Eagle Dynamics, the video game company that developed “Digital Combat Simulator: World,” confirmed to news outlets that the clip spreading all over social media was indeed from the video game. “We are not responsible for its distribution, nor do we endorse such content,” Matthias Techmanski, a spokesperson for Eagle Dynamics, told Reuters last week.

Rep. Adam Kinzinger, who has proven to be one of the biggest anti-Russian propagandists and war-hawks in the U.S. government, and others amplified and spread the fake story about the “Ghost of Kiev” on his official Twitter page.

Many more misleading and highly propagandistic stories emerged over the weekend, including an unconfirmed and likely false narrative of a group of Ukrainian soldiers defending an island in the Black Sea known as “Snake Island” who were allegedly killed after refusing to surrender to Russian forces last week. The 13 soldiers, border guards stationed on the island, supposedly cursed at a Russian military commander who had asked them to surrender under threat of an air and sea bombardment.

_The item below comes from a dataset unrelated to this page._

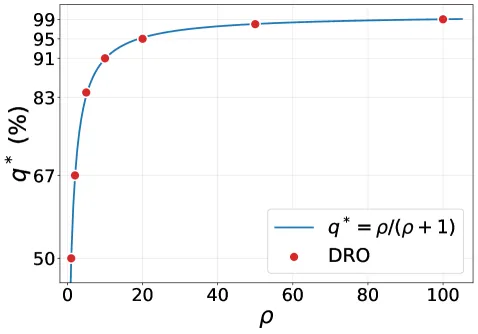 DRO quantile vs theoretical q*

“This is a military warship. This is a Russian military warship,” Russian commanders allegedly radioed to their Ukrainian counterparts. “I suggest you lay down your weapons and surrender to avoid bloodshed and needless casualties. Otherwise, you will be bombed.”

The Ukrainians allegedly responded by telling the Russians to “go f—” themselves, resulting in their deaths. However, Russia has insisted the Ukrainians did indeed surrender and recent news reports from Ukraine also suggest the border guards are in fact still alive, despite Ukrainian President Zelensky announcing their deaths and stating they would all receive the title of “Hero of Ukraine.”

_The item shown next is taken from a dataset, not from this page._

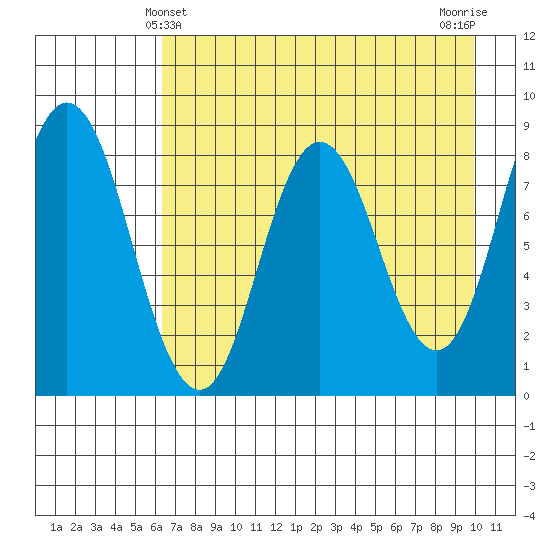 Fox Bay tide chart for Wednesday, April 29, 2026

Supporters of President Zelensky himself have even gotten in on the action of spreading fake news and misleading photographs. President Zelensky has repeatedly portrayed himself as a heroic defender of Ukraine, vowing to stay and fight on the front lines against Russian forces. Photos of President Zelensky in camouflage, a flak jacket and and army helmet have been widely circulating on social media in an effort to portray the former actor as a brave leader standing on the front lines with his troops.

A Reuters fact check, however, discovered that the photos are several months old. “The images were taken on Dec. 6, 2021, and show the president meeting with service members in the Donetsk region of eastern Ukraine,” the international news agency reported.

“The Snake Island story was fake, the Ghost of Kyiv was fake, the photos of Zelensky in body armor were fake (they’re old pictures being circulated as new ones),” Pedro Gonzalez, a dissident writer and commentator, noted on Twitter. “Ukraine-Russia is World War Reddit.”

Glenn Greenwald, one of the most insightful commentators and media critics in the alternative, independent media, perfectly explained the propagandistic dynamics involved in the modern social media environment perfectly in a recent article.

“Any war propaganda—videos, photos, unverified social media posts—that is designed to tug on Western heartstrings for Ukrainians or appear to cast them as brave and noble resistance fighters, or Russians as barbaric but failing mass murderers, gets mindlessly spread all over without the slightest concern for whether it is true,” Greenwald noted. “To be on social media or to read coverage from Western news outlets is to place yourself into a relentless vortex of single-minded, dissent-free war propaganda.”